In my last post, I shared a simple setup that does bandwidth limiting on Linux using TBF (Token Bucket Filter). The TBF based approach applies a bandwidth throttle on the NIC as a whole.
The situation in reality might be more complex then what the post described. Normally the users like to control bandwidth based on the type of application generating the traffic.
Lets take a simple example; the user may like to allow his bandwidth to be shared by application traffic as follows
- 50% bandwidth available to web traffic
- 30% available to mail service
- 20% available for rest of the application
Traffic Control on Linux provides ways to achieve this using classful queuing discipline.
In essence, this type of traffic control can be achieved by first classify the traffic in to different classes and applying traffic shaping rules to each of those classes.
The Hierarchical Token Bucket Queuing Discipline
Although Linux provides various classful queuing discipline, in this post, we will look at Hierarchical Token Bucket (HTB) to solve the bandwidth sharing and control problem.

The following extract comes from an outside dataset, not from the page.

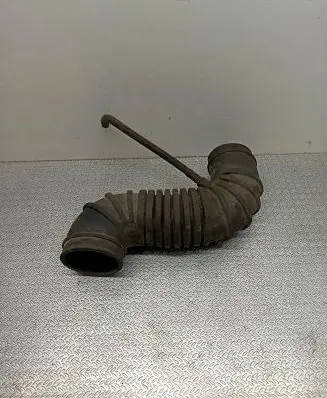 Mitsubishi Space Runner Air intake hose/pipe MD177616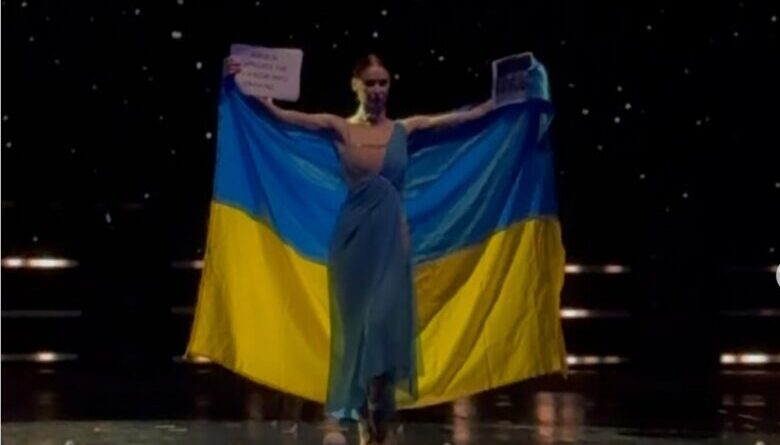 Anna-Petrenko-Protests-at-the-2024-Salieri-Circus-Festival-StageLync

HTB is actually a Hierarchy of TBF (Token Bucket filter we described in the last post) applied to a network interface. HTB works by classifying the traffic and applying TBF to individual class of traffic. So to understand HTB we must understand Token Bucket Filer first.
How Token Bucket Filter works
Lets get a deeper look at how the Token Bucket Filter (TBF) works.
The TBF works by having a Bucket of tokens attached to the network interface and each time a packet needs to be passed over the network interface a token is consumed from the Bucket. The kernel produces these tokens at a fixed rate to fill-up the bucket.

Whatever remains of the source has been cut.